The artwork for the PAUMC gathering was created to be part of a larger installation for the 2005 Iowa Annual Conference Session. Our theme that year was Stewards of Creation. In addition to these three images, I incorporated sod and caution tape in various locations throughout venue. The following words served as my artist statement. tlh

They call it caution tape and it is intended to be noticed. Yellow with black letters – Police use it to cordon off a crime scene. Construction workers use it to mark off an area in need of repair. You are supposed to see it, to take note, take caution.

If your eyes are open you will see the caution tape around here and what it surrounds. It is sod; grass. There are seven circles of sod – four in the building and three elsewhere. It is up to you to decide if the sod enclosed by the caution tape is a crime scene or an area in need of repair. If it is a crime scene you’ll want to be careful not to touch it – you wouldn’t want to leave fingerprints. It’s the oil that does you in. The oil. That’s why fingerprints can be left on a wet glass. It’s the oil. And you need a solvent to dissolve oil. Petroleum distilled and refined works well. Wipe down what you touch and not even of trace of you will remain. It is also handy as a fuel for the combustion engine in your car, your SUV, and your RV. With gasoline we can go wherever we want in speed and comfort.

“Sovereign God, when we look upon the heavens, at all of creation, and we see the work of your fingers.”

“Stewards of Creation” is our theme for this year’s Annual Conference.

Adam and Eve were the first stewards of creation and they have taught us well.
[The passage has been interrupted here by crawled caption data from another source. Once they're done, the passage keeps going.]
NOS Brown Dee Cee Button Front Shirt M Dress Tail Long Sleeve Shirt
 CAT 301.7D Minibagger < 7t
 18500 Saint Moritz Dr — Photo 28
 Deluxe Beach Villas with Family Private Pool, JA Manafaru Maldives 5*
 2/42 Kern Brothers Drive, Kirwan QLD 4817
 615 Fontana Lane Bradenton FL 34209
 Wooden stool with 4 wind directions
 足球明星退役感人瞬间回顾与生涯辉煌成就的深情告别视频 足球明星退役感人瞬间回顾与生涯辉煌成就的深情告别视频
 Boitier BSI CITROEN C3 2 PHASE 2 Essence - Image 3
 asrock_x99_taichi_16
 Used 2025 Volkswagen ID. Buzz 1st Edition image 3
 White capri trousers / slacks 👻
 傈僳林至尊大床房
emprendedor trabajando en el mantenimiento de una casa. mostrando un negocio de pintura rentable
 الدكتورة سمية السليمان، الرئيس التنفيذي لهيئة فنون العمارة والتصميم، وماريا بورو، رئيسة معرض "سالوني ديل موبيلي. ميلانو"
They did not ask to be made but made they were. Made in God’s image which means they were hungry. They found themselves in a garden that had everything they needed – including limits. Abundance beyond the need to measure. And they were told by their Creator to “till and to keep that garden.” Translated another way – they were told to serve the land – to be servants of the land.

I believe the future of this planet hinges on the order of those words.

And they were also told that if they honor their appetites – honor, elevate, obey their appetites they will have open eyes to see the death they have brought.

But the fruit forbidden was ripe – a delight to their eyes and they were surprised that it hung so low – so easy to reach. And with their emerging vision – just before they sank their teeth in the fruit they saw God’s fingerprints.

Hanging over the chancel for these 3 days is a triangular prism that depicts the four elements around which each of our major worship services is built. Fire, air, water, earth. The Fire is the light that shines within just as the light burns, shines within everything that lives.

Air is the side dominated by a Great Blue Heron. Her eyes are locked in on one of two things; Either danger to her offspring or food. It is possible, I suppose, that she is sizing up the fish in the adjacent panel though they nearly out-weigh her. But I think the former is more likely the truth. She has spotted danger.

In the Water swim three fish. They are either trying in vain to blend in with their surroundings or they too bear the fingerprints of a Creator apparently obsessed with color.

The water looks like the air in the other panels and the plowed ground resembles the ocean floor and the marsh and this is quite intentional. The ecosystems that enable life here are infinitely complex and intimately connected one to another. The chemicals we apply to the land end up in our water. The waste we belch into the air falls down onto the land.

The land, of course is our home and our destination. We know it well – it feeds us, shelters us, holds our roots in place and gives us life. The apple in the center of the Land panel has a pattern that, with your emerging vision, you will find in the Air and Water panels as well.

But it is tempting. Tempting to reverse the order of the words spoken to Adam and Eve by God. To act as if the land is here to serve us. Tempting to honor our appetites. Tempting to continue to repeat the sin that stopped being original a long time ago.

As the juice ran down the chin and neck of Eve and Adam – so too does the crude oil run down our chin and our neck. Our combustion engines take us from place to place with speed and comfort but petroleum, refined and distilled, is also an effective solvent. And with it, we are erasing fingerprints of the Divine.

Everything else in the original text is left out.